Second, I turned off the radio. I pulled off the road. I had to. My stomach was hurting. Why? I felt I might vomit.
The feeling that came to my stomach was the one I felt when I took fellow soldiers through Nazi concentration camps in Germany. I’m thinking of one time in Dachau. Some of my fellow soldiers and I took a few days and I led them on a tour of Dachau. We walked under the iron gates, stood in front of trenches that Jews were forced to dig; we stood in silence before the ovens where men, women, and children were incinerated; we walked into concrete rooms where Zyklon B poison was used to gas millions. We stood under the smokestacks where charred human remains billowed out like snow. We saw rooms stacked with Jewish hair, teeth, and shoes—all torn from them, since they were “undesirables.”
Back to Plimpton. As I heard her speak, and I heard the crowd cheer, that old feeling returned—that sickness that rises in the stomach when we see evil, whether in a concentration camp, or when mothers are lauded for murdering their boys and girls in the womb. One word only I could think of: barbarism.
Third, I thought of my wife. Several years back, she was unable to carry two of our children to term. We lost both of them. I won’t give you all the details, because this is not about us, but about something that affects civilization–if we call it that anymore. At any rate, after several weeks of pregnancy, we had been to the doctor, and we had those proud moments when we bring ultrasound pictures back and display them on our refrigerator. But those children were not to be born. I suffered in a way that defies language. But it was nothing to compare with what I saw my wife suffer and endure. She still grows silent around the time their birthdays would have been.

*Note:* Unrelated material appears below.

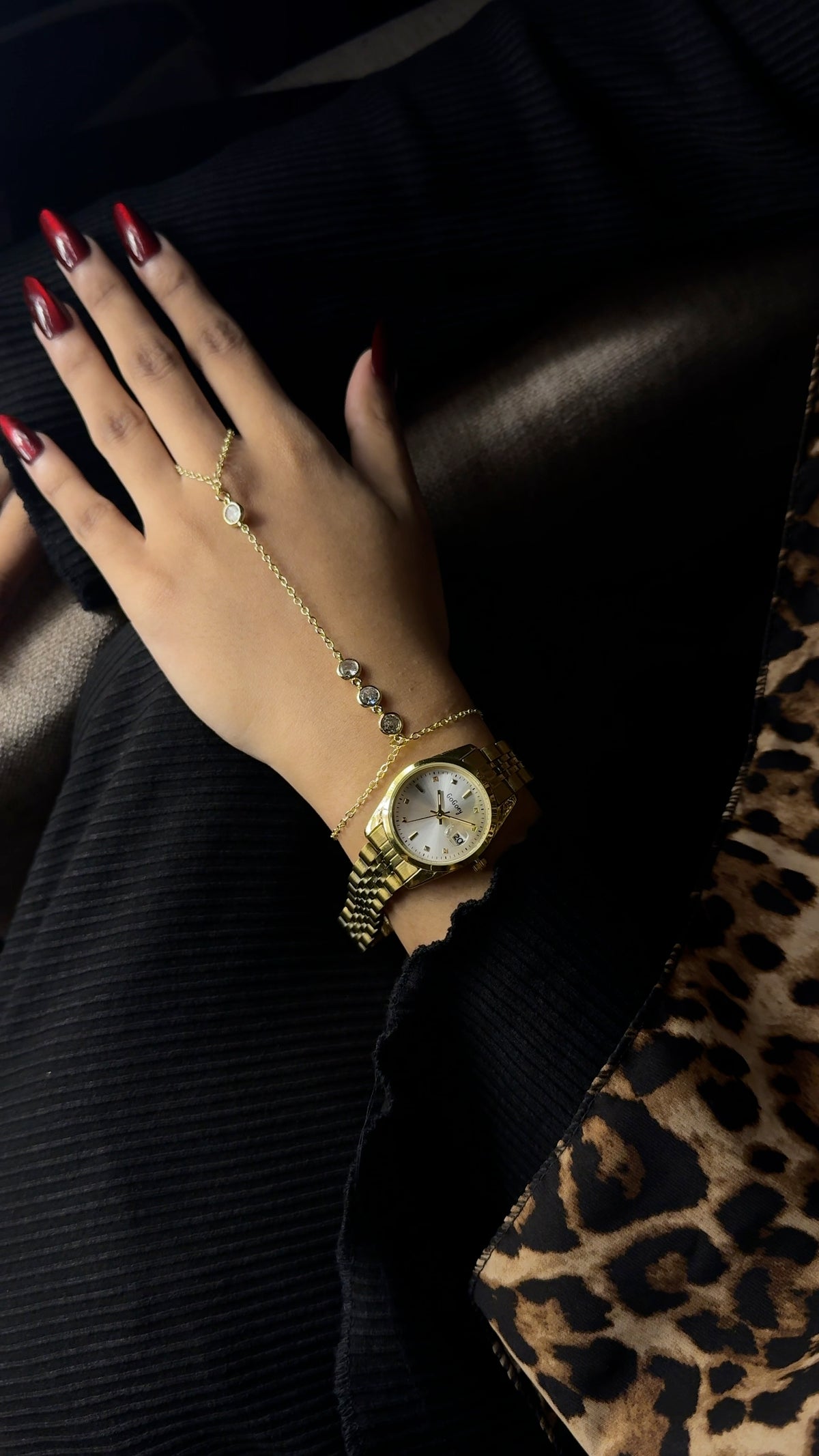 Gogoey Queno Gold + Solitaire Stone Handchain Combo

How do these three things relate? How do they cohere? I pulled off the road because my stomach hurt. It hurt in a way that was visceral. Today brought up some of the greatest pains I have ever known: the horrors of witnessing the remains evil men unleashed upon other men, women, and children in the 1930s and 1940s in Europe—because of a secular worldview; and the horrors of seeing my family’s children die in their mother’s womb, and our praying for God to save them, to deliver them to us healthy; and an American actress boast of multiple abortions to an audience who applauded.
What did I do? I pulled over. I tried to pray. But I wept. I lamented our barbarism. I saw the irony of how we deploy soldiers to save our fellow men from hurricanes, but we murder our sons and daughters in the womb. Barbarism. And I wept and prayed some more.
I wanted to write of literary things, or of history, or of theological interests again. But today I could not. Some things are too important; silence is not my choice.